Another point of view: https://www.smh.com.au/comment/linkedin-is-the-worst-social-network-how-can-it-possibly-be-worth-so-much-20160616-gpl7nd.html
How handy for Microsoft to buy LinkedIn so they can now sensor certain competitors. Maybe even make it harder for competitors to find qualified employment candidates. And if they convert it to sharepoint, the whole issue will be mute because it will die…
http://grammarist.com/usage/moot-mute/
Maybe the acquisition is just so that M$ can funnel more user data over to the feds…
American business stopped making sense a long time ago.
Today, it’s a case of more dollars than sense.

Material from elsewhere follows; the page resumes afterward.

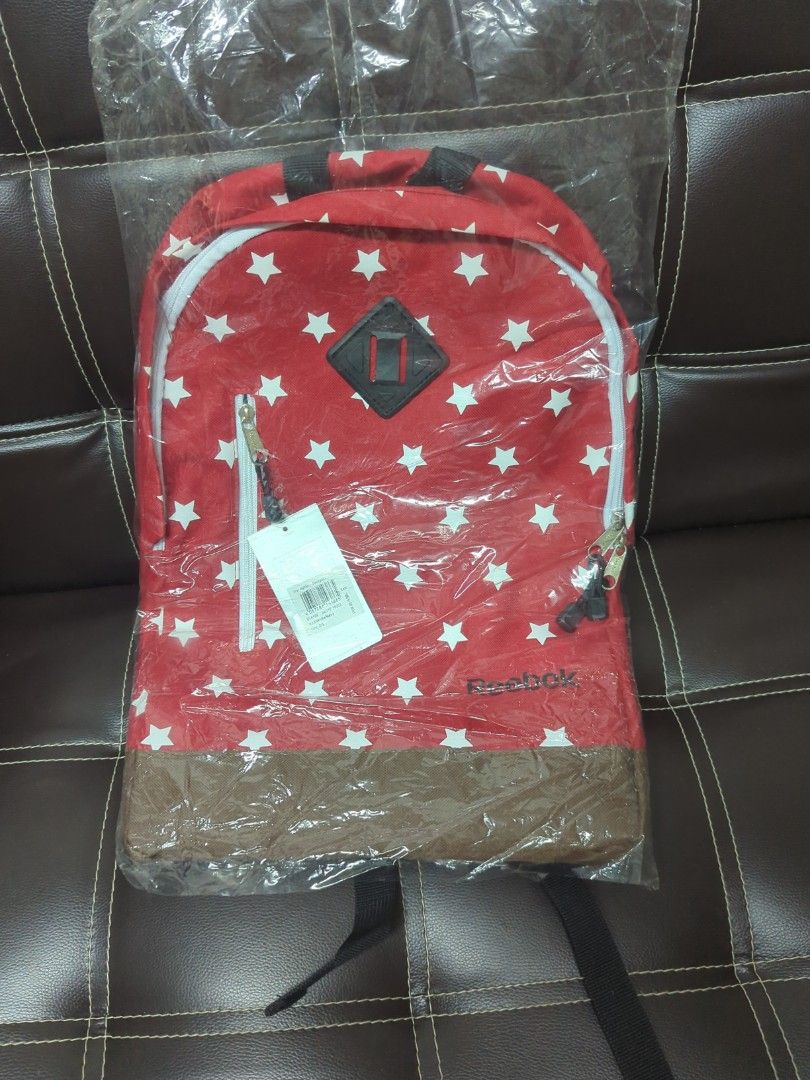 Star Pattern Backpack - Red （分類：背囊）位於 Hong Kong。 由 happyobbi 提交（商品編號 1319840848，圖片 1）。簡介： 。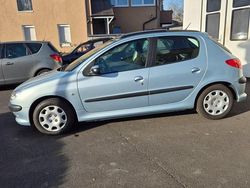 Grau Gebraucht 2005 Peugeot 206 Kleinwagen | 2.900 € (Fairer Preis)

“Compared to Facebook, LinkedIn users don’t live on the service. Few people keep a LinkedIn window open on their desktop”…
So there are people who keep a Facebook window open on there desktop!? Who are these sad types with so little in their lives? Why would one pander to them?
AndyM:
Because enough of them click on ads. More revenue for Facebook.
Women.
People leave Facebook open on their desktops
And their phones :: 30 minutes per user (1.5 billion of them) every day on mobile (on average) – https://www.businessinsider.com/mobile-user-engagement-with-social-media-2016-4
*That’s* a ridiculously huge amount of time spent on Facebook globally every day
I keep Facebook open on my desktop because it’s also an instant messaging service. I don’t have it in the foreground most of the time, but it’s there so my contacts can contact me.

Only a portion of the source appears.